Only the lines below from the one with "Fotografia z Birgit Krenner na trase" through the one with "313 清棚处理不包断枝" are to be written out, exactly and without any images.

→ **Material supplied**

***

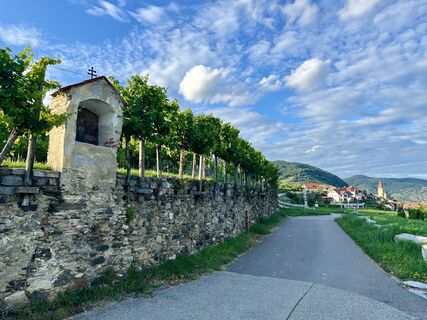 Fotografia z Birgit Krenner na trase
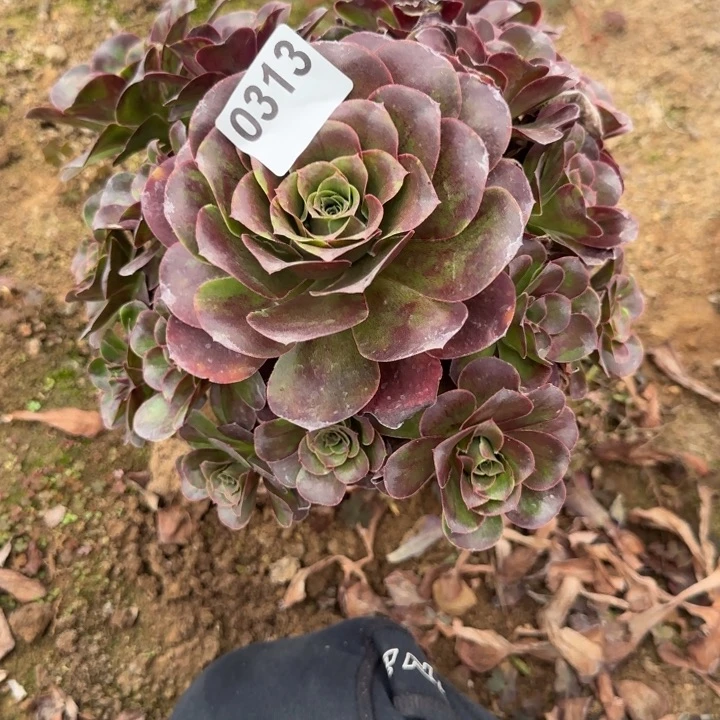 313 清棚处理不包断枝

***

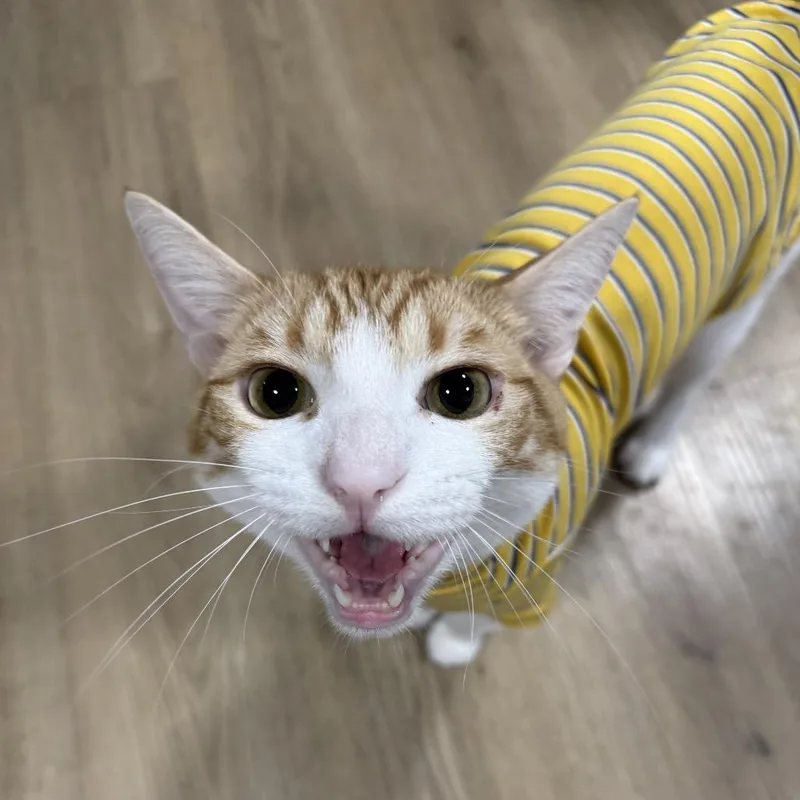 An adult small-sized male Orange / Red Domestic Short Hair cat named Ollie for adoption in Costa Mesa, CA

***

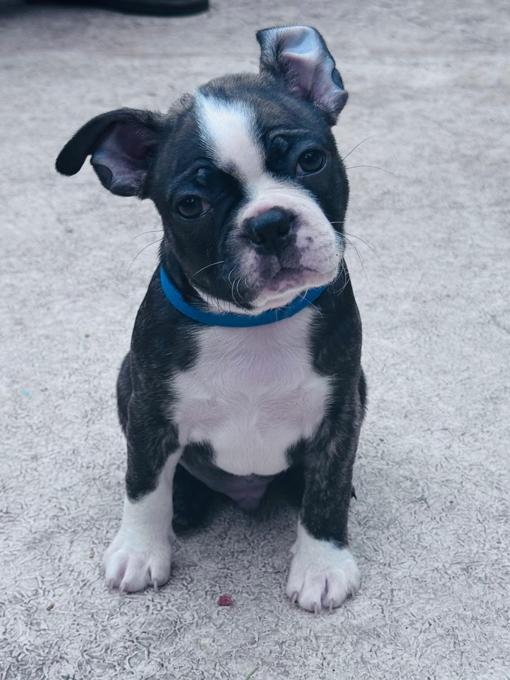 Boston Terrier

***

→ **Written solution**
 Fotografia z Birgit Krenner na trase
 313 清棚处理不包断枝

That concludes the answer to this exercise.